Anecdotes about his life abound. Upon becoming wealthy, his homestead was a 44-room mansion in Loretto. He wanted the house moved to a higher vantage point, but didn't want it demolished. There was an orchard that surrounded the house that he also didn't want disturbed. In 1915, Schwab had a contractor raise and move the house on rollers over 40-foot high treetops. The house was relocated a few hundred feet from its original site.
A superintendent called him crazy for his setting high production targets. Schwab told him if he met his goals he would pay off the mortgage on the man's house. In a few months, the man had a mortgage-free house for meeting Schwab's production goals.
Once while conducting a tour through one of his factories for a group of investors, a foreman told Charlie that a blast furnace couldn't be fixed. Schwab donned on coveralls over his business suit, crawled under the furnace, and rectified the problem himself.
In actor's fashion, Charlie would fumble for his glasses and the prepared text in his coat pocket for his speech. Members of the audience began to feel embarrassment and sympathy for him. It was strictly a ruse. The ploy created a bond of empathy with his audience and put them in a receptive frame of mind. On one occasion at a 1934 St. Francis College Commencement, he tripped on a rug that covered the speaker's platform. He was not seriously injured, but was unable to deliver his scheduled address to the graduates.

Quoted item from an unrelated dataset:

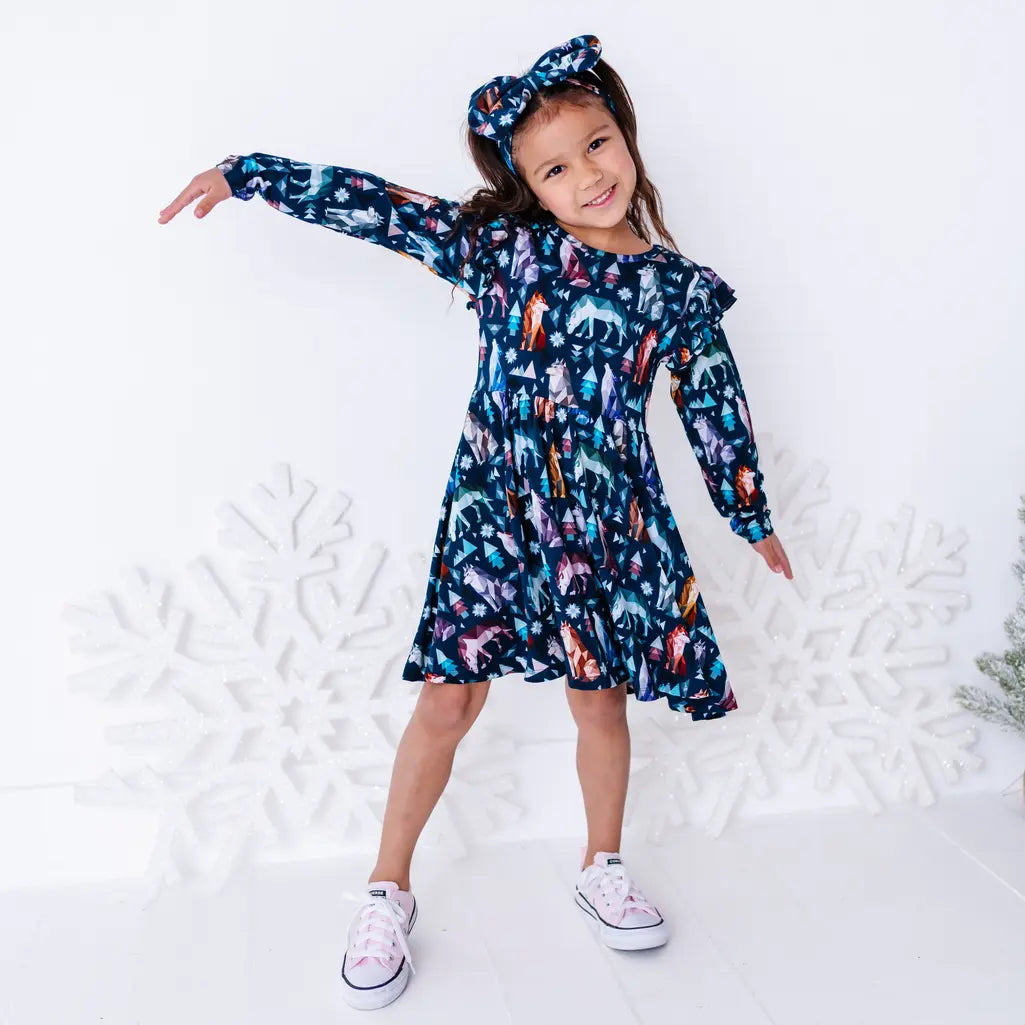 A child dancing with arms stretched out wide and a bow headband, in a long sleeve twirl dress in a navy print of geometric wolves, triangle pine trees, and snowflakes.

As an industrialist, Charlie recognized the importance of the "I-Beam" used in the construction of buildings, bridges, and railways. The city of Bethlehem, Pennsylvania, grew and thrived on the production of "I Beams."
Amid his unparalled success, however, scandals and controversies arose. During the 1930s, Charlie and other Bethlehem executives were earning annual salaries in six figures when the average steelworker earned 67 cents per hour. As a result, he was the target of socialist verses like:
Schwab, Schwab, Charlie Schwab
Life and Happiness you rob
From the workers in the mills
To the miners in the hills.
During the latter part of his life, Charlie's financial resources were depleted. His elaborate estates in New York and Loretto were draining him. While traveling to Europe, he suffered a heart attack in London. In his weak condition, he returned to New York and died there on at the age of 77. His funeral in September, 1939, took place in St. Patrick's Cathedral in New York. In attendance were prominent people like John D. Rockefeller, Jr., the Standard Oil tycoon, and Alfred E. Smith, former New York governor and 1929 presidential candidate.
To quote the author, Hessen, "To some, Schwab was a folk-hero…a dynamo whose ingenuity and ambitiousness enabled him to achieve every goal he set for himself. Others saw him as a rogue and a predator whose lifestyle extolled 'crass materialism.' Few were indifferent to him; he seemed to symbolize the best and the worst in American business."